ABOUT THIS TASK: Down to the last line, reproduce the records exactly.

Start of Block

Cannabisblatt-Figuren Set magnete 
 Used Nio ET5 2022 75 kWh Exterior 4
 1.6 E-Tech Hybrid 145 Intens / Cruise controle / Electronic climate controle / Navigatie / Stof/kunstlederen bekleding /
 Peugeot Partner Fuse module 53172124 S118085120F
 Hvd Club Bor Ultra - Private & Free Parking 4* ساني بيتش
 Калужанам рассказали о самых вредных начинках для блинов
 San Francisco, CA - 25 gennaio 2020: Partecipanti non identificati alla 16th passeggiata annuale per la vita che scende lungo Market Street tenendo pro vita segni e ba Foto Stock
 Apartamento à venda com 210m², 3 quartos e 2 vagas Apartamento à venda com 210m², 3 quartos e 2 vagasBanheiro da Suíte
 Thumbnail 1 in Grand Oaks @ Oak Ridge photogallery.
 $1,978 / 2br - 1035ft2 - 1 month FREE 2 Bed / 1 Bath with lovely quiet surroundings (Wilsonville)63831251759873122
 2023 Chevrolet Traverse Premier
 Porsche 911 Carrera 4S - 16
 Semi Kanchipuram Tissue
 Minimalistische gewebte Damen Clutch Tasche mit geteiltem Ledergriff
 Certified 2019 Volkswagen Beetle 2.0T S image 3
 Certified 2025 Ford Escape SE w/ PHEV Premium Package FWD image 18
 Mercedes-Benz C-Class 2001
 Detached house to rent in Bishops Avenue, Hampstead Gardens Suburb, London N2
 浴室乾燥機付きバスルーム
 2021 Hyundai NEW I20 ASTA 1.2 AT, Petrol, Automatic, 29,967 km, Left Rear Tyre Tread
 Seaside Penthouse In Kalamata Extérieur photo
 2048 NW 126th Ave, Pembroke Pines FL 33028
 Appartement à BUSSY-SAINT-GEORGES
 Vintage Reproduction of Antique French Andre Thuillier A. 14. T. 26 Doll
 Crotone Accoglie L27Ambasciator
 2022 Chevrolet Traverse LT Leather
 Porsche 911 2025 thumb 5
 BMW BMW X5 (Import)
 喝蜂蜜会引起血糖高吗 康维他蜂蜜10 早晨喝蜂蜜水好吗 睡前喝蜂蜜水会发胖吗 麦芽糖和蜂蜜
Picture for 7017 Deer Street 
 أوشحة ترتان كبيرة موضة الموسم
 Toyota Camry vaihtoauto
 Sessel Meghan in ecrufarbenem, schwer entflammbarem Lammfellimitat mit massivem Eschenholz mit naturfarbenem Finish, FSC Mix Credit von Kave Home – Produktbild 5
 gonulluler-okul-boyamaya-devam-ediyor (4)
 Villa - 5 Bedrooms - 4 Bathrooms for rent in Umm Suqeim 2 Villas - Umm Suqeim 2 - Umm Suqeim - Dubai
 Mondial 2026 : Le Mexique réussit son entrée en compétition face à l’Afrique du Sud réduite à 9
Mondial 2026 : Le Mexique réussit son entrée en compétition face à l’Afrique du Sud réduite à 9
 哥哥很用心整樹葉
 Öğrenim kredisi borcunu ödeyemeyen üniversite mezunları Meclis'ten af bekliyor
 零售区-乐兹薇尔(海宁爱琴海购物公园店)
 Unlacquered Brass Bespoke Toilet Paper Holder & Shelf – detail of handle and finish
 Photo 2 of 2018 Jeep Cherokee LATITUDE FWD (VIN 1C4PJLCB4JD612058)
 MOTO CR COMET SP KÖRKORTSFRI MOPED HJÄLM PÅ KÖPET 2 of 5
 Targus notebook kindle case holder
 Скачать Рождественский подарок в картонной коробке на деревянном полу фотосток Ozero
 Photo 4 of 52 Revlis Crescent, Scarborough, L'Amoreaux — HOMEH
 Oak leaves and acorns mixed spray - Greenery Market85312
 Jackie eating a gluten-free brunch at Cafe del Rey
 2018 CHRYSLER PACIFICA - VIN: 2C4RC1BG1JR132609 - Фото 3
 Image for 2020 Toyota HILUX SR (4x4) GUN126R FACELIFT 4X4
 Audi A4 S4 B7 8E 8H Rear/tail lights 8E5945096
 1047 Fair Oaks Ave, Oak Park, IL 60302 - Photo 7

End of Block

SOLUTION TO THIS TASK:
Cannabisblatt-Figuren Set magnete 
 Used Nio ET5 2022 75 kWh Exterior 4
 1.6 E-Tech Hybrid 145 Intens / Cruise controle / Electronic climate controle / Navigatie / Stof/kunstlederen bekleding /
 Peugeot Partner Fuse module 53172124 S118085120F
 Hvd Club Bor Ultra - Private & Free Parking 4* ساني بيتش
 Калужанам рассказали о самых вредных начинках для блинов
 San Francisco, CA - 25 gennaio 2020: Partecipanti non identificati alla 16th passeggiata annuale per la vita che scende lungo Market Street tenendo pro vita segni e ba Foto Stock
 Apartamento à venda com 210m², 3 quartos e 2 vagas Apartamento à venda com 210m², 3 quartos e 2 vagasBanheiro da Suíte
 Thumbnail 1 in Grand Oaks @ Oak Ridge photogallery.
 $1,978 / 2br - 1035ft2 - 1 month FREE 2 Bed / 1 Bath with lovely quiet surroundings (Wilsonville)63831251759873122
 2023 Chevrolet Traverse Premier
 Porsche 911 Carrera 4S - 16
 Semi Kanchipuram Tissue
 Minimalistische gewebte Damen Clutch Tasche mit geteiltem Ledergriff
 Certified 2019 Volkswagen Beetle 2.0T S image 3
 Certified 2025 Ford Escape SE w/ PHEV Premium Package FWD image 18
 Mercedes-Benz C-Class 2001
 Detached house to rent in Bishops Avenue, Hampstead Gardens Suburb, London N2
 浴室乾燥機付きバスルーム
 2021 Hyundai NEW I20 ASTA 1.2 AT, Petrol, Automatic, 29,967 km, Left Rear Tyre Tread
 Seaside Penthouse In Kalamata Extérieur photo
 2048 NW 126th Ave, Pembroke Pines FL 33028
 Appartement à BUSSY-SAINT-GEORGES
 Vintage Reproduction of Antique French Andre Thuillier A. 14. T. 26 Doll
 Crotone Accoglie L27Ambasciator
 2022 Chevrolet Traverse LT Leather
 Porsche 911 2025 thumb 5
 BMW BMW X5 (Import)
 喝蜂蜜会引起血糖高吗 康维他蜂蜜10 早晨喝蜂蜜水好吗 睡前喝蜂蜜水会发胖吗 麦芽糖和蜂蜜
Picture for 7017 Deer Street 
 أوشحة ترتان كبيرة موضة الموسم
 Toyota Camry vaihtoauto
 Sessel Meghan in ecrufarbenem, schwer entflammbarem Lammfellimitat mit massivem Eschenholz mit naturfarbenem Finish, FSC Mix Credit von Kave Home – Produktbild 5
 gonulluler-okul-boyamaya-devam-ediyor (4)
 Villa - 5 Bedrooms - 4 Bathrooms for rent in Umm Suqeim 2 Villas - Umm Suqeim 2 - Umm Suqeim - Dubai
 Mondial 2026 : Le Mexique réussit son entrée en compétition face à l’Afrique du Sud réduite à 9
Mondial 2026 : Le Mexique réussit son entrée en compétition face à l’Afrique du Sud réduite à 9
 哥哥很用心整樹葉
 Öğrenim kredisi borcunu ödeyemeyen üniversite mezunları Meclis'ten af bekliyor
 零售区-乐兹薇尔(海宁爱琴海购物公园店)
 Unlacquered Brass Bespoke Toilet Paper Holder & Shelf – detail of handle and finish
 Photo 2 of 2018 Jeep Cherokee LATITUDE FWD (VIN 1C4PJLCB4JD612058)
 MOTO CR COMET SP KÖRKORTSFRI MOPED HJÄLM PÅ KÖPET 2 of 5
 Targus notebook kindle case holder
 Скачать Рождественский подарок в картонной коробке на деревянном полу фотосток Ozero
 Photo 4 of 52 Revlis Crescent, Scarborough, L'Amoreaux — HOMEH
 Oak leaves and acorns mixed spray - Greenery Market85312
 Jackie eating a gluten-free brunch at Cafe del Rey
 2018 CHRYSLER PACIFICA - VIN: 2C4RC1BG1JR132609 - Фото 3
 Image for 2020 Toyota HILUX SR (4x4) GUN126R FACELIFT 4X4
 Audi A4 S4 B7 8E 8H Rear/tail lights 8E5945096
 1047 Fair Oaks Ave, Oak Park, IL 60302 - Photo 7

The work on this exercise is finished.